Porté par un humour noir décapant, qui évoque certaines œuvres des frères Coen – Sang pour Sang et, bien sûr, l’enneigé Fargo – Bienvenue à Cadavres-les-bains semble tenir plus de la comédie légère que du polar pur et dur, d’autant que, dans ce troisième opus, l’accent est plus porté sur le personnage de Brenner que sur l’intrigue à proprement parler. On suit donc les mésaventures de cet antihéros paumé et poissard, entraîné dans une enquête à haut risque et dans une relation amoureuse tout aussi délicate, avec la femme de son client !
Mais il s’agit bel et bien d’un film noir, très noir, où les personnages sont tous de pauvres types pris malgré eux dans un engrenage de mort et de souffrance. Ce sont tous des êtres en mal d’amour et de reconnaissance, pas forcément méchants, mais pris au piège de situations problématiques et luttant pour étouffer d’encombrants secrets.
Inclassable, le ton du film oscille donc entre comédie grinçante et drame poignant, et s’offre même de larges détours vers l’horreur et le gore assumé, le film se terminant par une véritable boucherie – et pour une fois, ce n’est pas un vain mot…
Mené sans temps morts, porté par des interprètes parfaits aussi bien dans le registre de l’humour que de l’émotion – avec notamment une impressionnante performance de Josef Bierbichler en aubergiste massif et désespéré – Bienvenue à Cadavres-les-bains est un petit polar particulièrement réjouissant, qui donne envie de découvrir les deux premiers volets de la série, passés relativement inaperçus en France (2), en attendant un quatrième épisode déjà en préparation et toujours signé par la même équipe.
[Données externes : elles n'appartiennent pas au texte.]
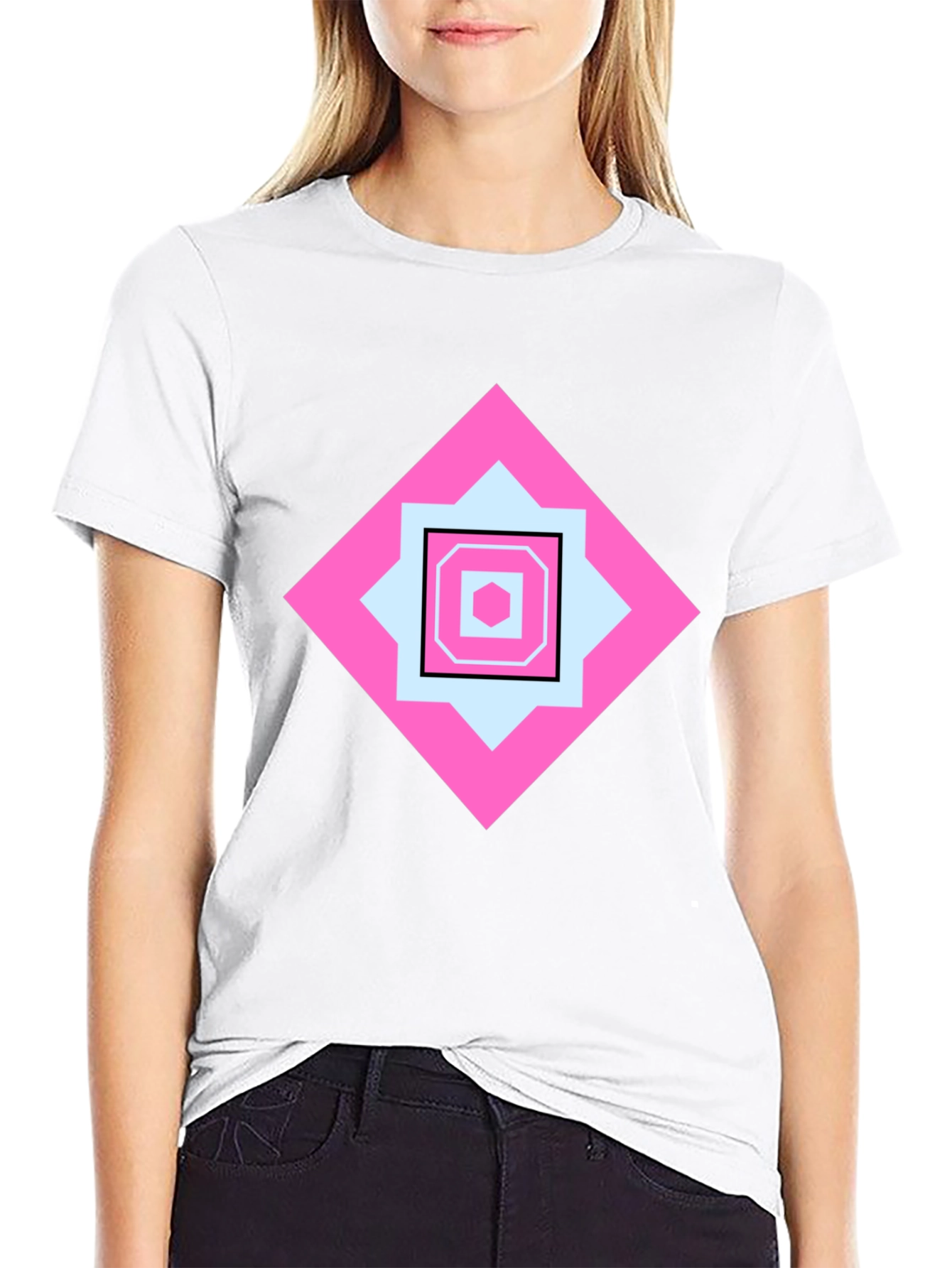 Geometric Pattern Tee - Stylish Casual Wear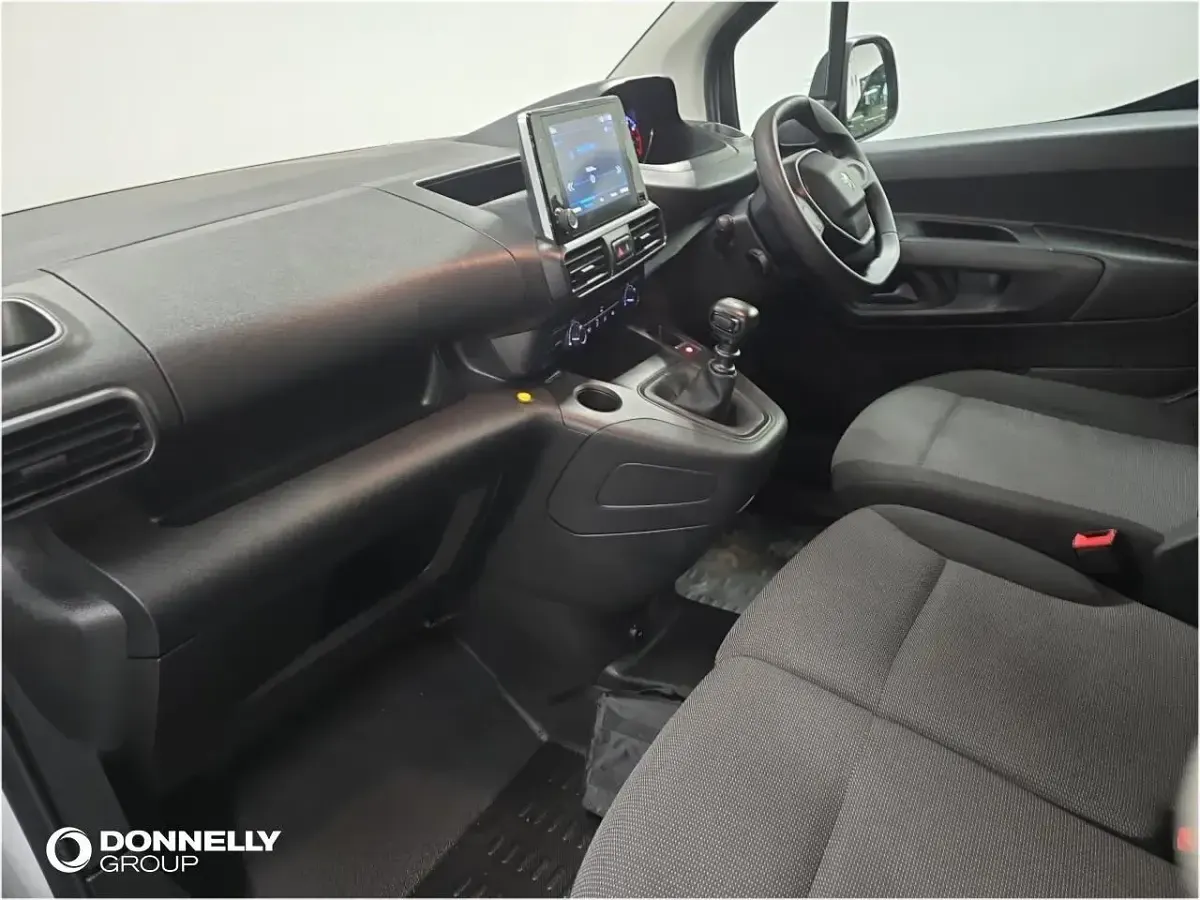 Used Peugeot Partner Premium 102 HP (75 kW) 2023 White MPV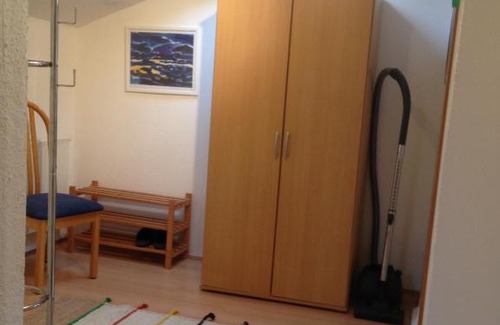 Lubeck City Centre Apartment | Comfortable Ferienwohnung Lindenstraße - Family & Accessible Stay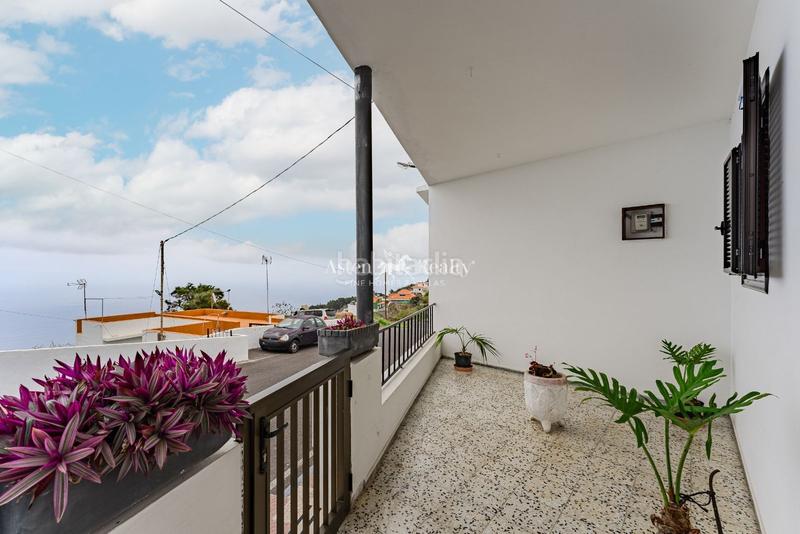 Foto ce62a83d-6427-4176-b1b1-5e173ffecd13. Casa  con jardin el tanque bajo en Tanque (El)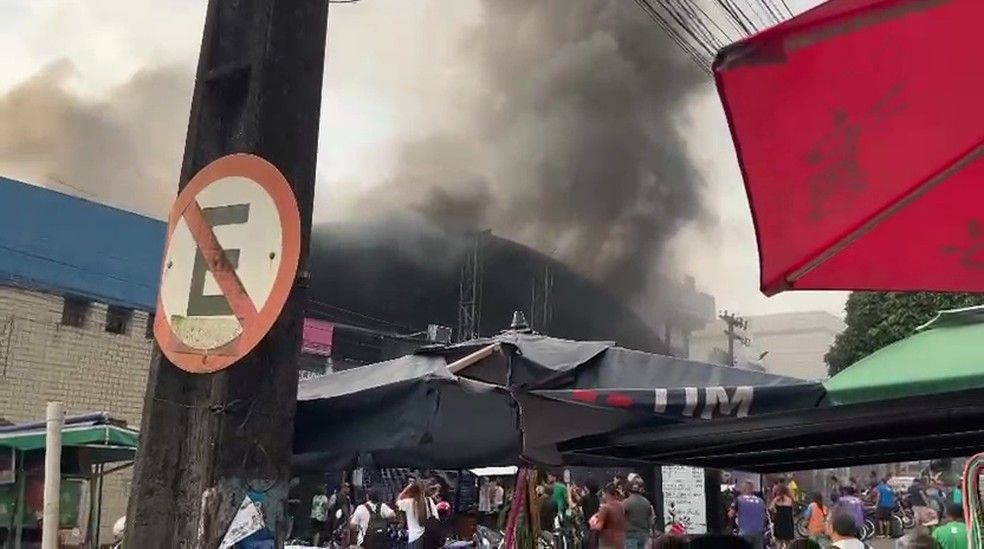Incêndio no Centro Comercial de Passagem, em João Pessoa — Foto: Débora Luz/TV Cabo Branco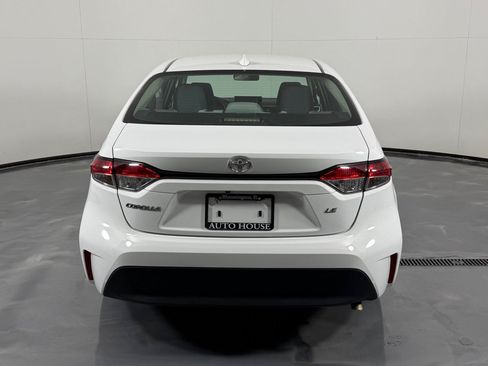 Used 2023 Toyota Corolla LE FWD image 6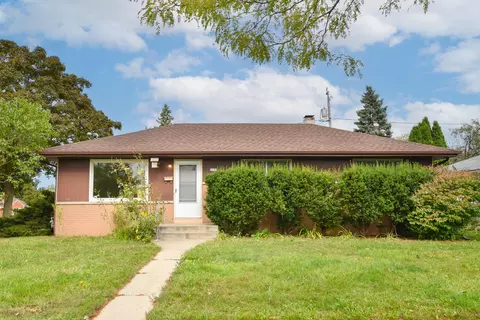 6630 W Kinnickinnic Riv, Milwaukee, WI 53219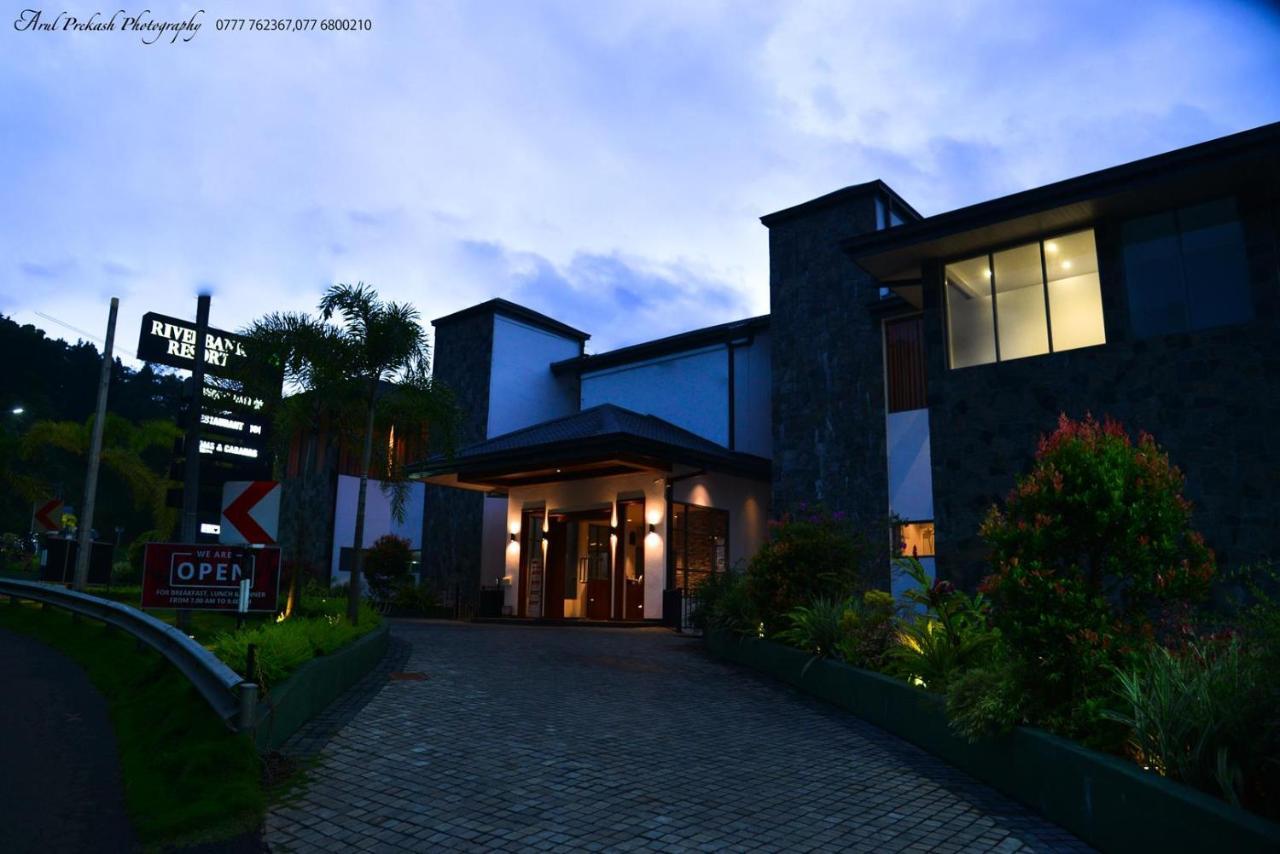 Riverbank Resort Gampola Exterior photo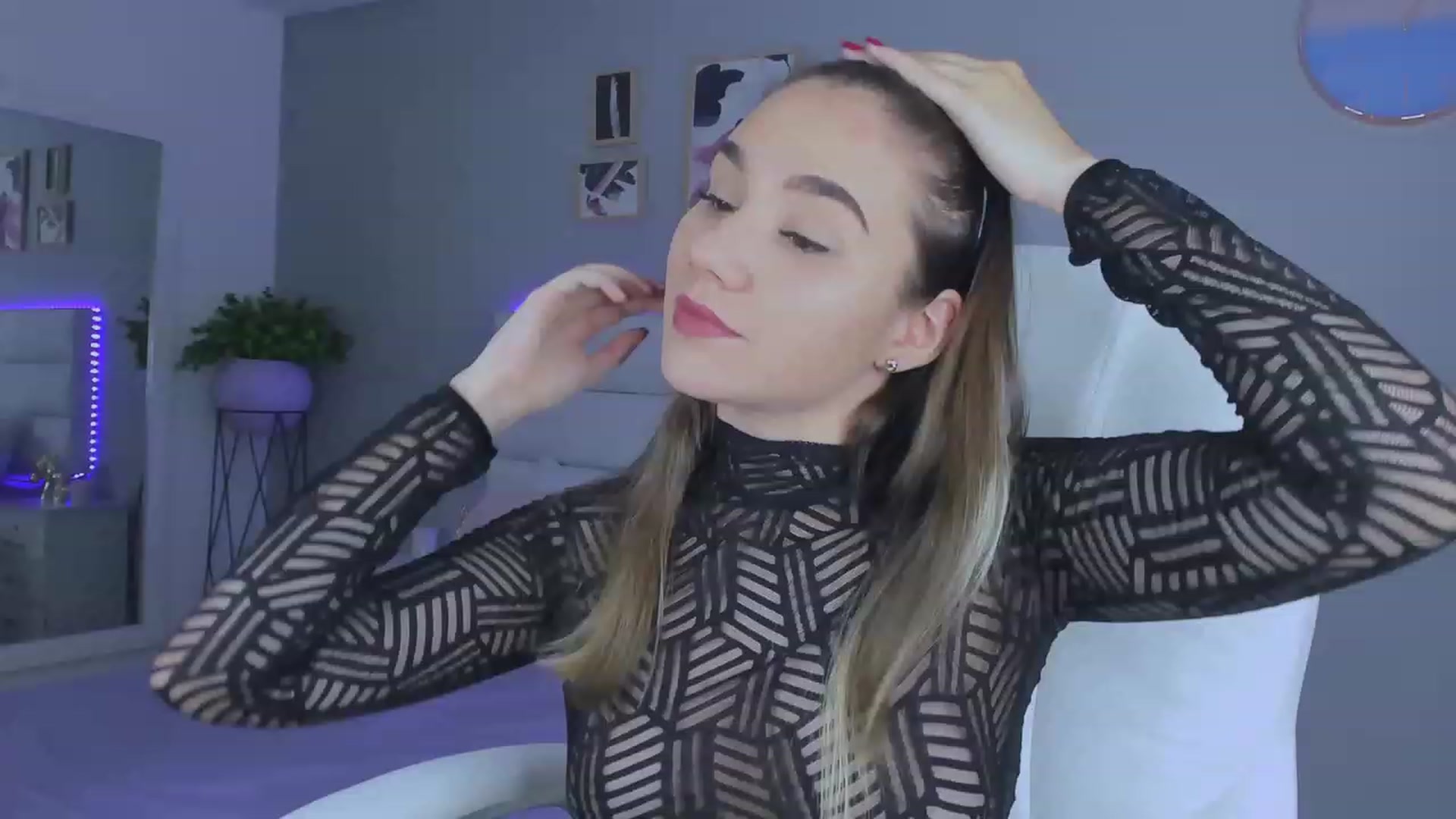 Gallery image thumbnail from Sabrinarey_'s myfreecams stream on, 12/30/2022, 20:05 image 12 of 20
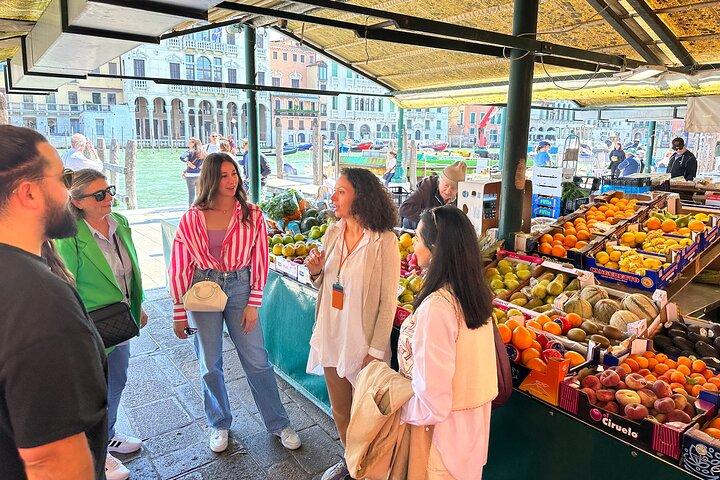 Rialto Market Food Tour: Degustação de vinhos e passeios turísticos em Veneza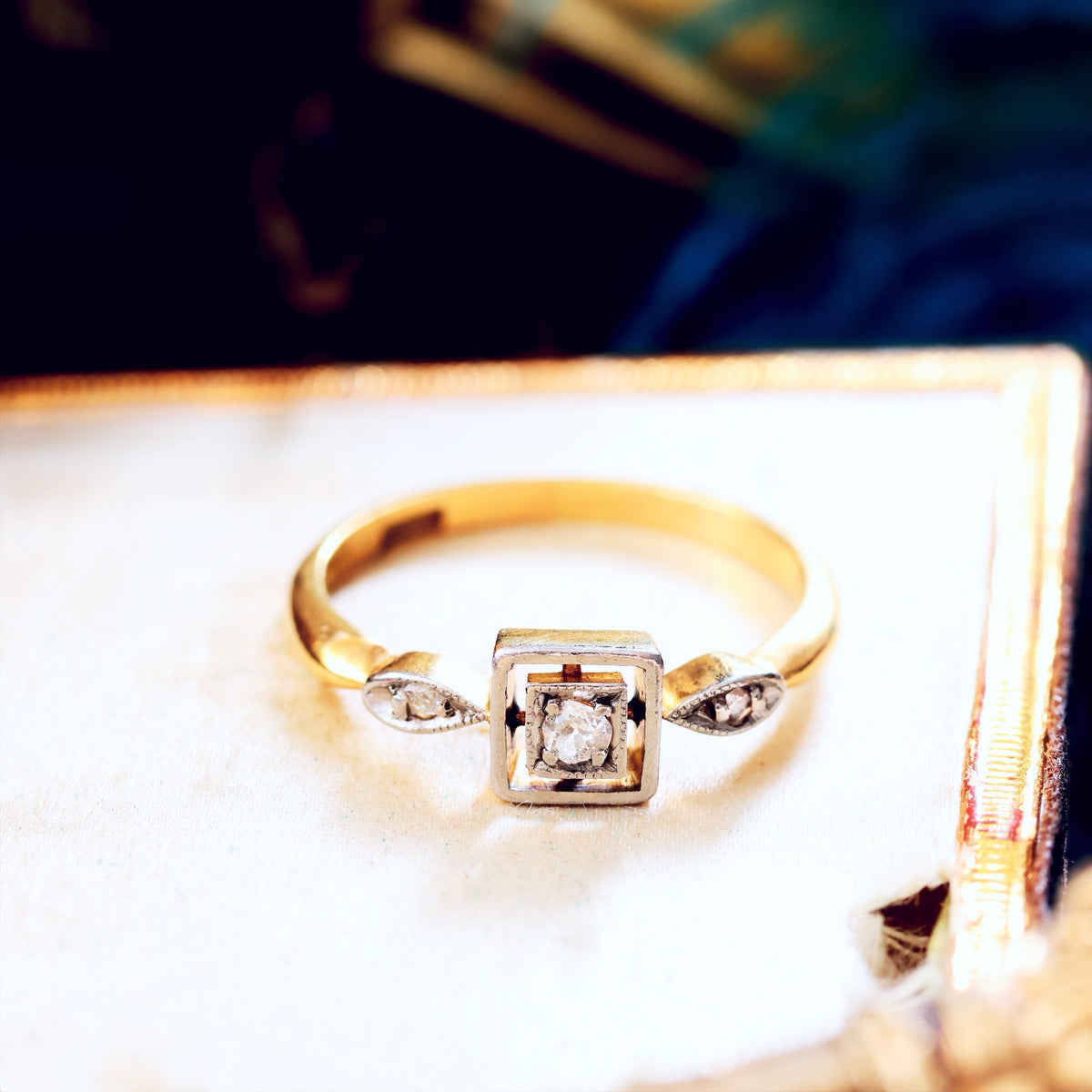 Vintage Art Deco Diamond Engagement Ring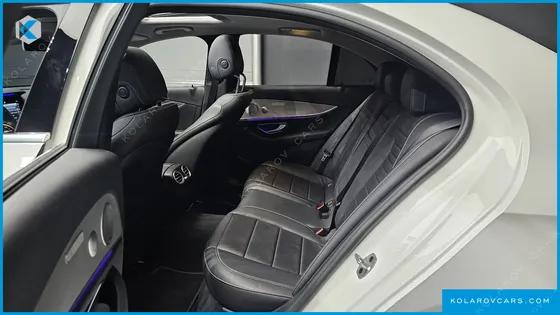 MERCEDES E-CLASS E300 AMG LINE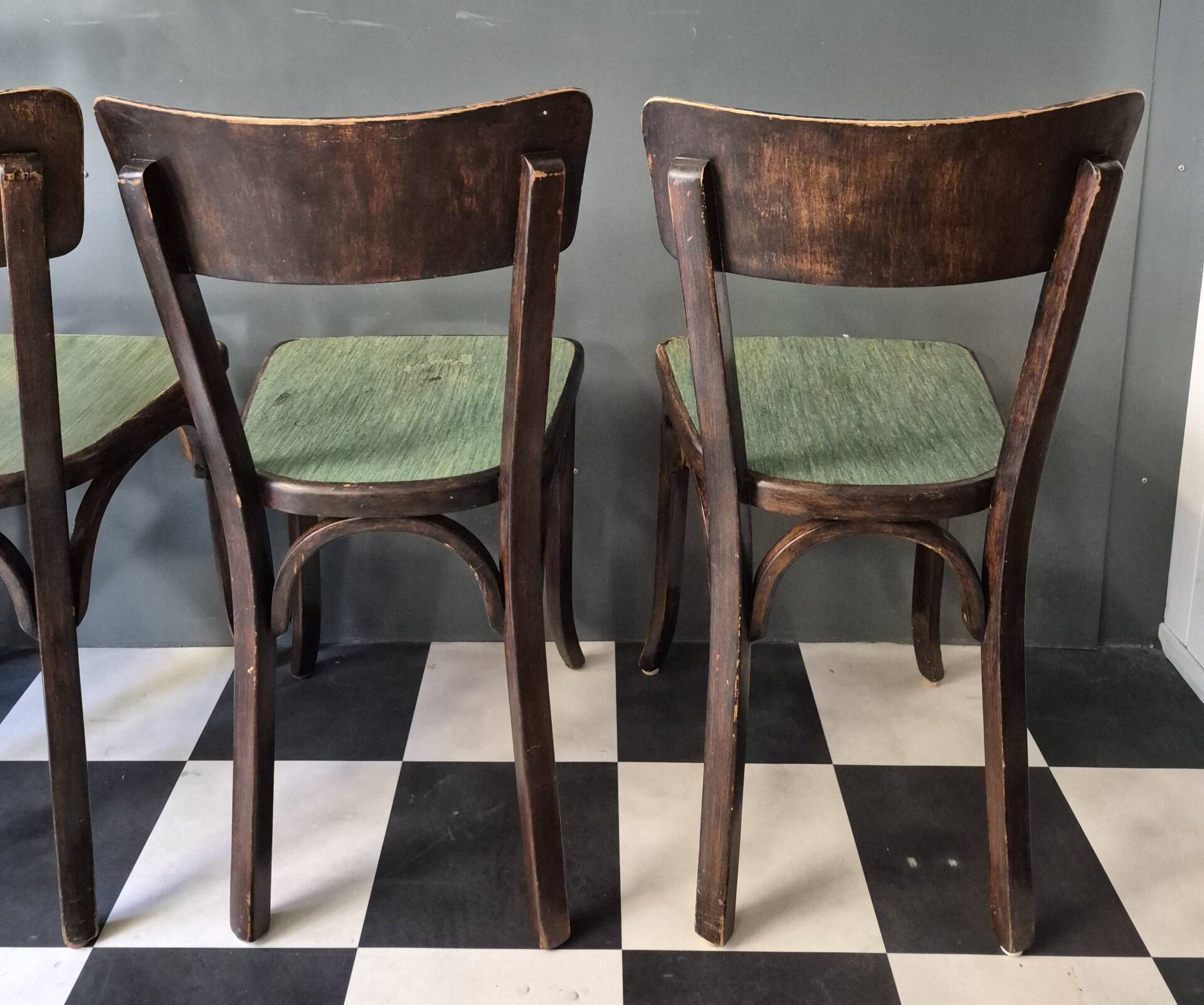 Suite de 4 anciennes chaises Bistrot Baumann Vintage Année 50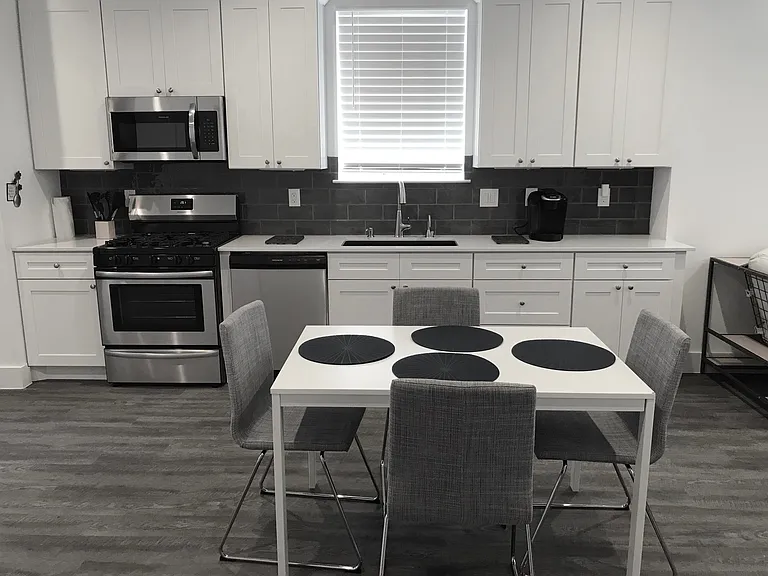 2506 Willow St #2 — Photo 6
En guise de conclusion, je reprends cette réplique d’un des personnages de L’investigateur «Allez plutôt au théâtre : le cinéma est un art mourant, le théâtre est mort depuis longtemps… ». A voir les qualités et l’inventivité déployées dans ces deux films, on a la preuve du contraire. Alors dépêchez-vous de découvrir ces deux petits bijoux tout droit venus du centre de l’Europe…
Notes :
L’investigateur :
Bienvenue à Cadavres-les-bains :
(1) : Les romans de Wolf Haas rencontrent un beau succès en Autriche et en Allemagne, mais seuls trois de ses romans ont été publiés en français, dans la collection Rivages/Noir : « Vienne la mort », « Silentium ! » et « Quitter Zell ».
(2) : A ma connaissance, Vienne la mort n’est pas sorti en France. Silentium ! a gagné le grand prix au festival de Cognac en 2006, mais est sorti en salles en catimini, début 2007, dans l’indifférence quasi-générale.